Plaintiff longshoreman, employed by a stevedoring company, was injured by falling sacks of fishmeal while operating a forklift in defendant shipping company's warehouse. Plaintiff sought damages for personal injuries caused by an accident due to unsafe working conditions at defendant warehouse lessee's place of business. At trial, the plaintiff testified that when he first arrived at the warehouse, plaintiff noticed that some of the sacks he was to move with the forklift were stacked in a manner he considered hazardous. He testified that he called the condition to the attention of defendant's chief clerk who said there was nothing he could do about it. The trial court held that the warehouse lessee was not liable for plaintiff's injuries caused by an accident due to unsafe working conditions at the warehouse because even though defendant was negligent, plaintiff's contributory negligence was the proximate cause of his injuries.
Should the defendant be liable for damages?

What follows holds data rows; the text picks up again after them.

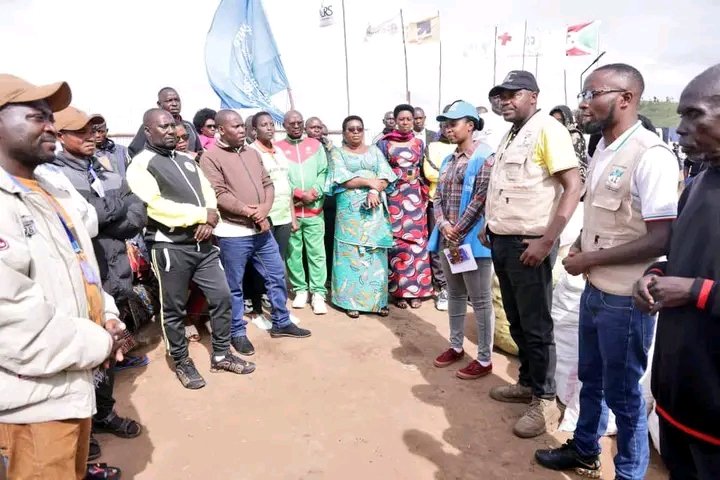 #Buhumuza: 22T de farine de manioc, 14T de haricots, 7T de maïs et 100 cartons de savon ont été remis ce 22.2.2026 aux réfugiés congolais du camp de Busumo (sis à #Ruyigi).

📍Denise Ndaruhekere, gouverneure de <a href="/BuhumuzaProvinc/">Province Buhumuza</a>, les a appelés à cohabiter pacifiquement.
#Shikiriza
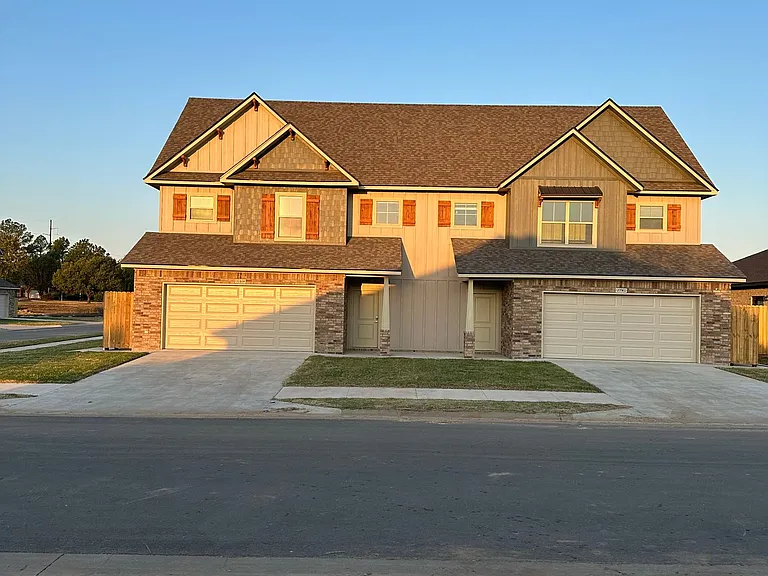 The Village at Geren Road — Photo 9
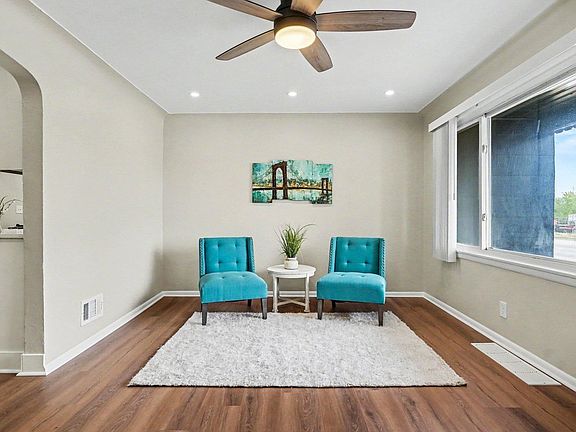 5th image of 928 Sheridan Blvd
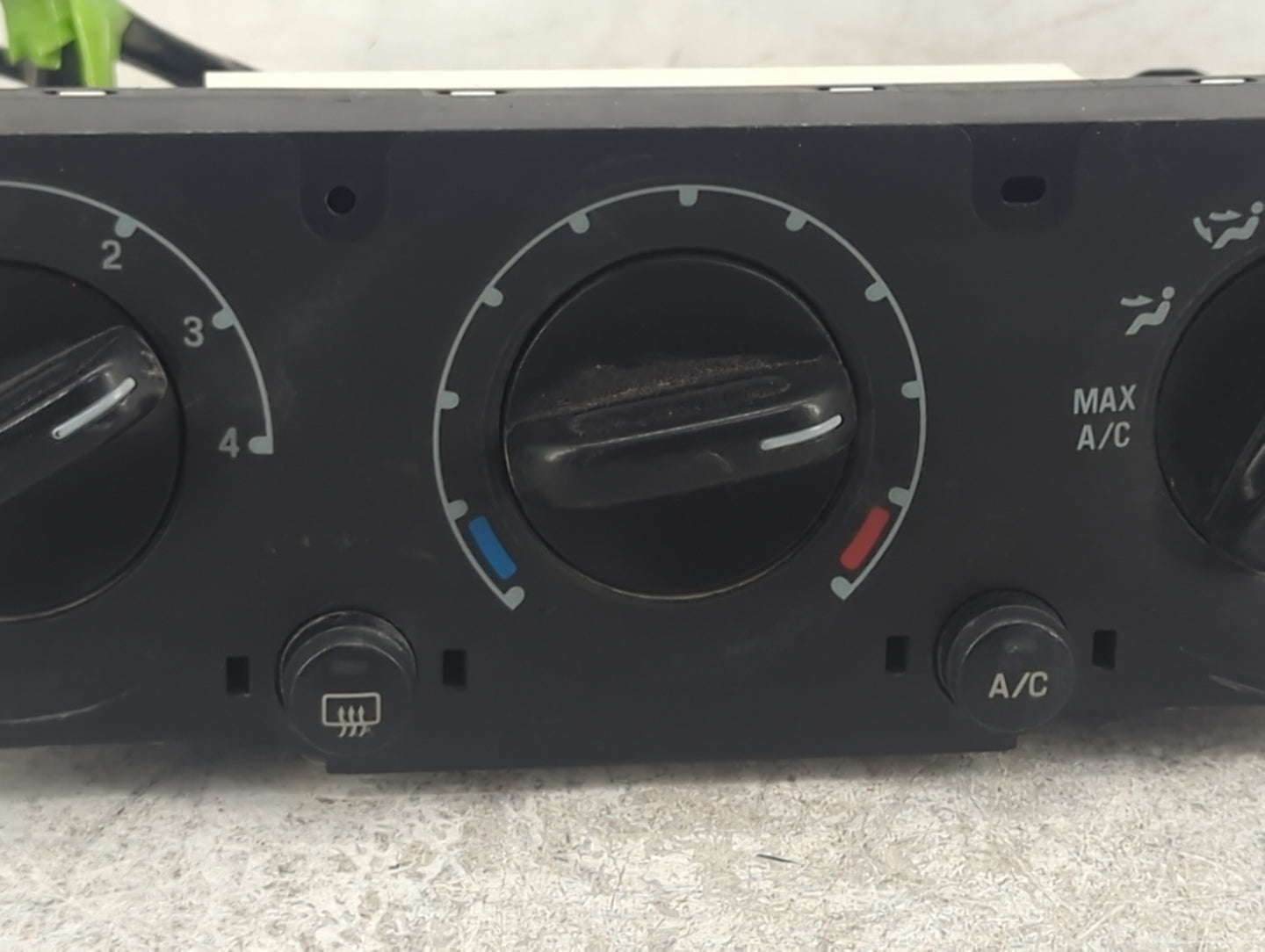 2002-2006 Ford Explorer Climate Control Module Temperature AC/Heater Replacement P/N:1L2H Fits Fits 2002 2003 2004 2005 2006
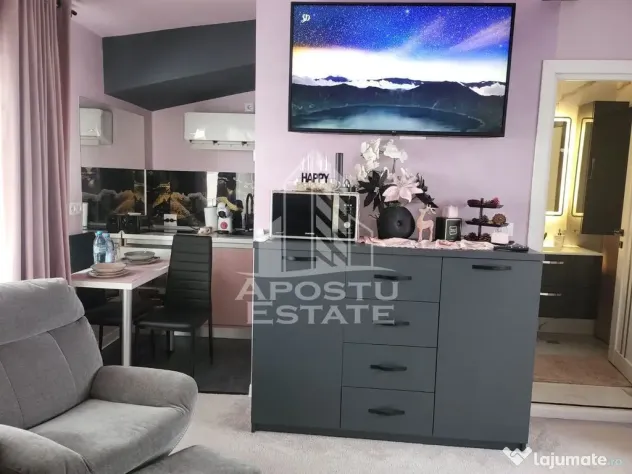 Apartament de lux, 3 camere, scara interioară și curte, Deva - Deva (Hunedoara)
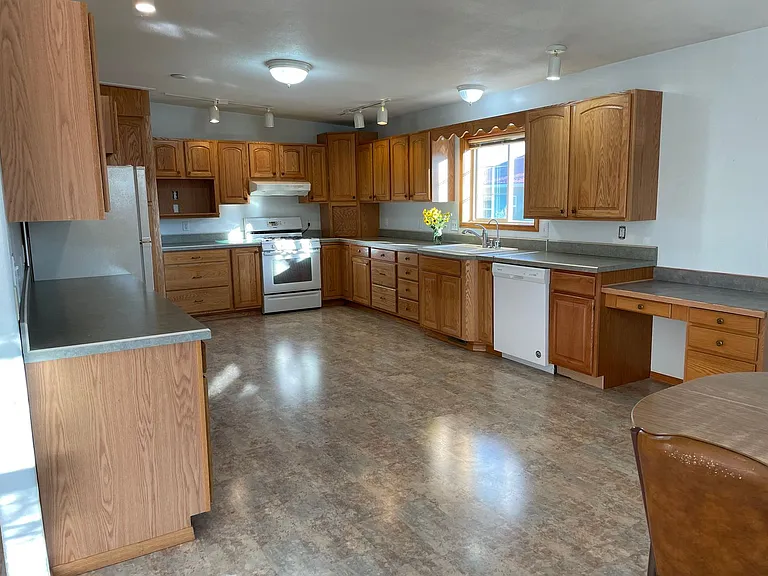 2408 Main St — Photo 2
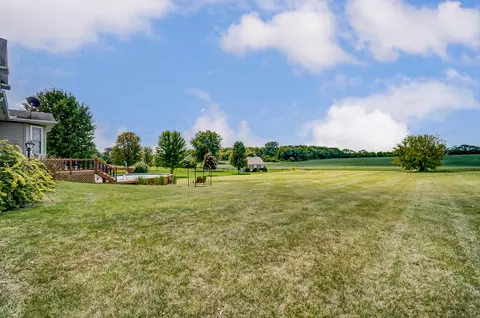 Exterior - 2965 Windy Ridge Dr, Springfield, OH 45502 photo 11 of 12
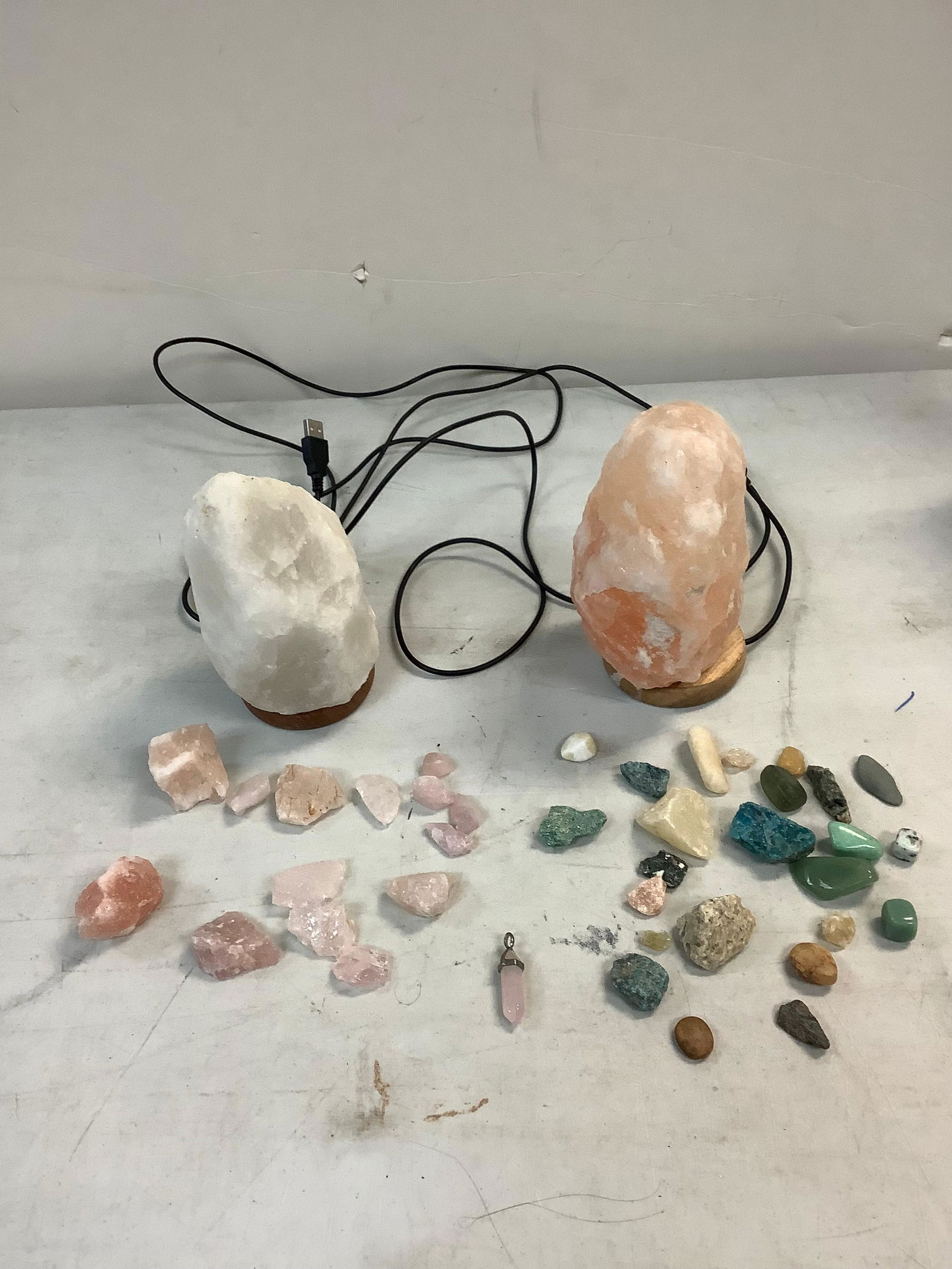 Pink and white salt lamps 6 1/2 in, rose quarts and more (pink lamp doesnt work) (1 of 1)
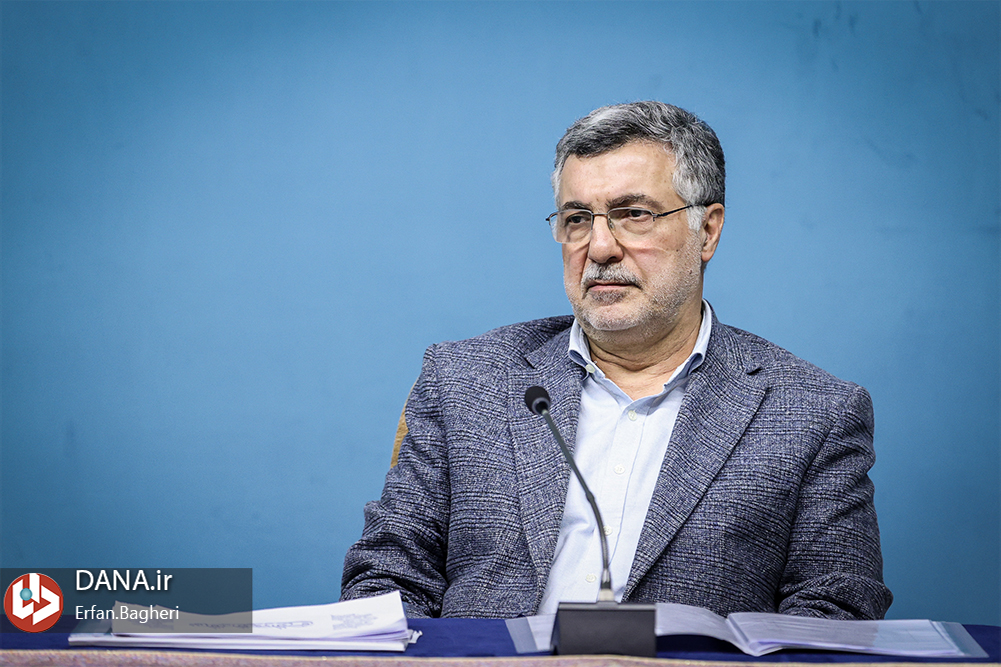 با معضل جدی بحران جمعیت مواجهیم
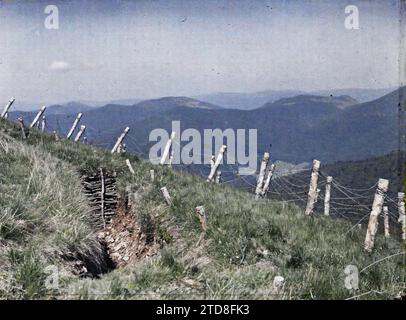 Ballon d'Alsace, Guebwiller, Haut-Rhin, Alsace, France vue sur le Hohneck, le Gresson, le ballon Gebweiler [et installations défensives], première Guerre mondiale, Mont, montagne, frontière, front, tranchées, barbelés, France, ballon d'Alsace, vue du Hohneck, du Gresson, du ballon Gebweiler, Guebwiller, 03/06/1917 - 03/06/1917, Castelnau, Paul, 1917 - Alsace - Paul Castelnau (Section photographique de l'armée) - (juin), Autochrome, photo, verre, Autochrome, photo, positif, horizontal, taille 9 x 12 cm Banque D'Images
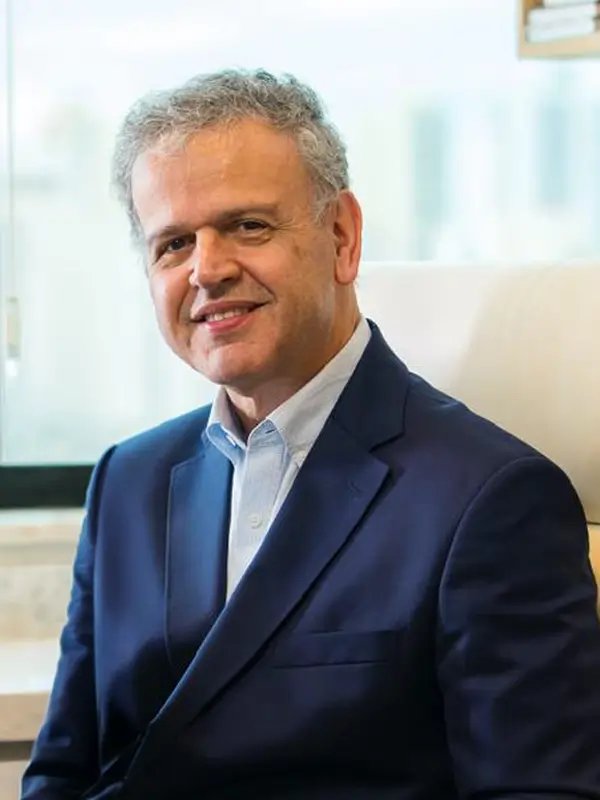 Dr. Hélder Polido em ambiente de consultório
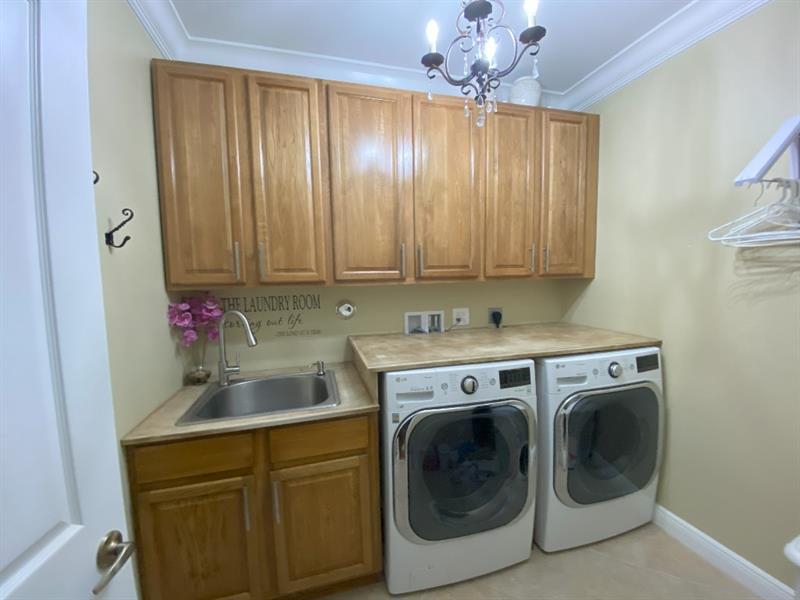 Image 21 of 43 For 4115 Darlington St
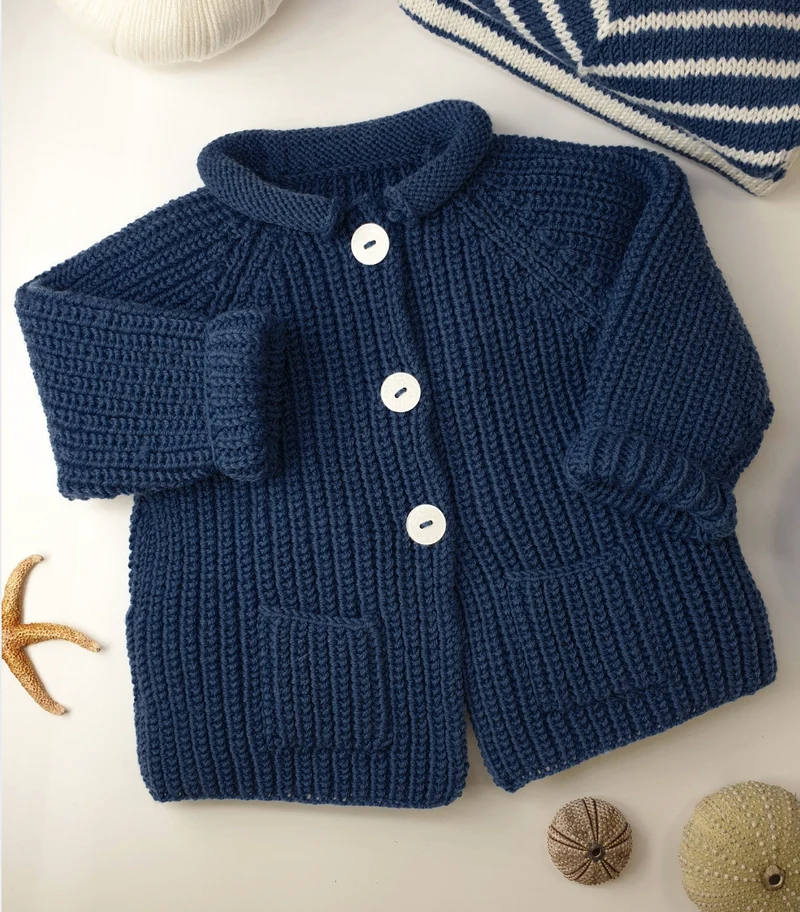 Veste bébé Acajou à tricoter.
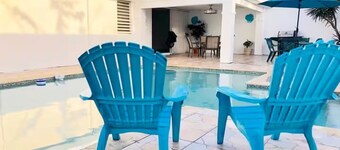 Casa Dos Palmas-House with Solar System and just 8 Min from the Airport.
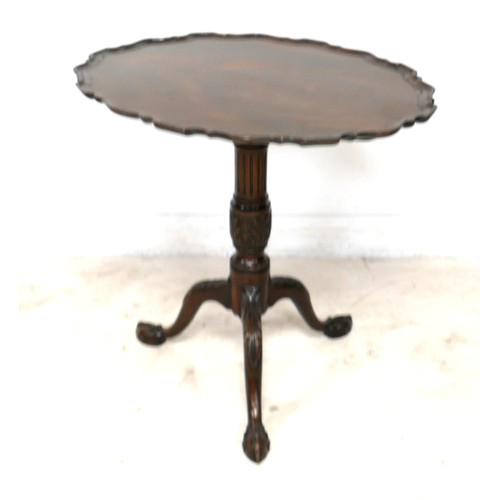 531 - A George III mahogany pie crust tilt top table, oval surface raised on a single column, cabriole leg... 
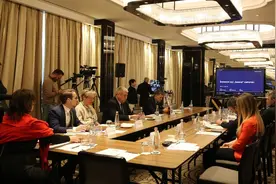 周晋峰：中匈对话“中国式现代化与世界共同的命运”图片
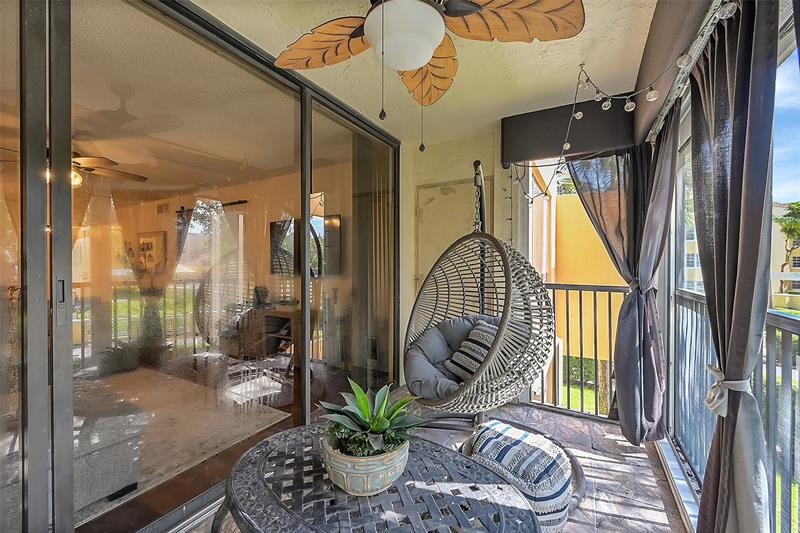 Image 28 of 30 For 8592 Sunrise Blvd  206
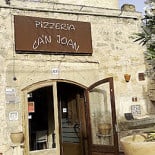 Pizzeria Can Joan outside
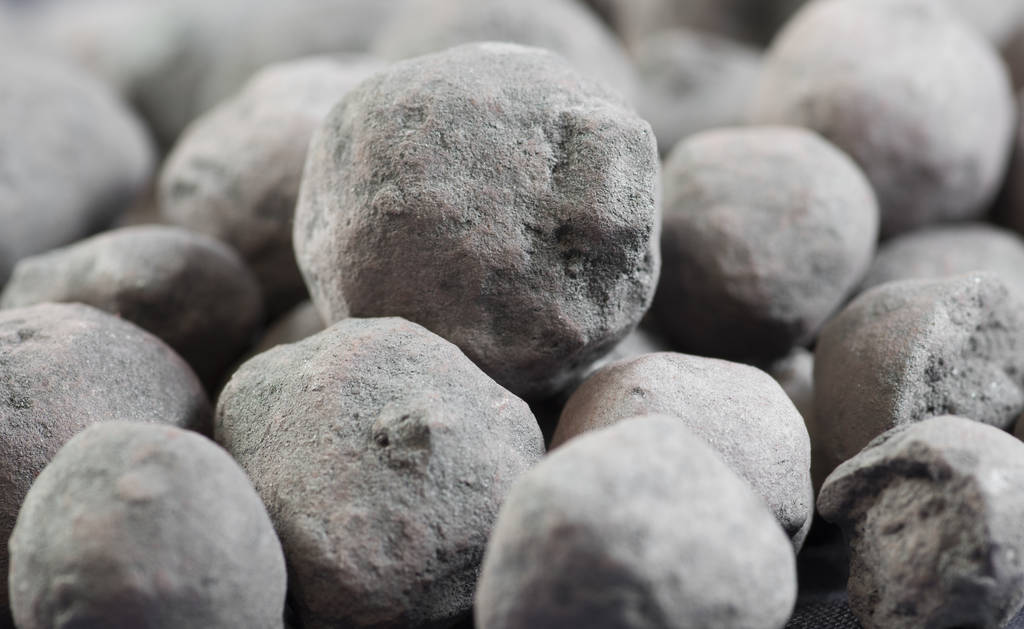 铁水产量季节性走弱 短期铁矿石价格区间震荡为主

The court remanded the case for a new trial on plaintiff's contributory negligence and damages. The court further held that the trial judge did not ignore the doctrine of law of the case. The decision on the first appeal left the issue of contributory negligence for the determination of the trier of fact upon retrial. The court held that defendant was not estopped from asserting plaintiff's contributory negligence because plaintiff's contention that defendant's employee misled plaintiff about the dangerous condition was a question of fact that could not be raised for the first time on appeal. The court held that defendant failed to prove plaintiff's contributory negligence because, although there was sufficient support for finding that plaintiff failed to use ordinary care, the record did not establish that plaintiff's failure was a substantial factor in bringing about the accident.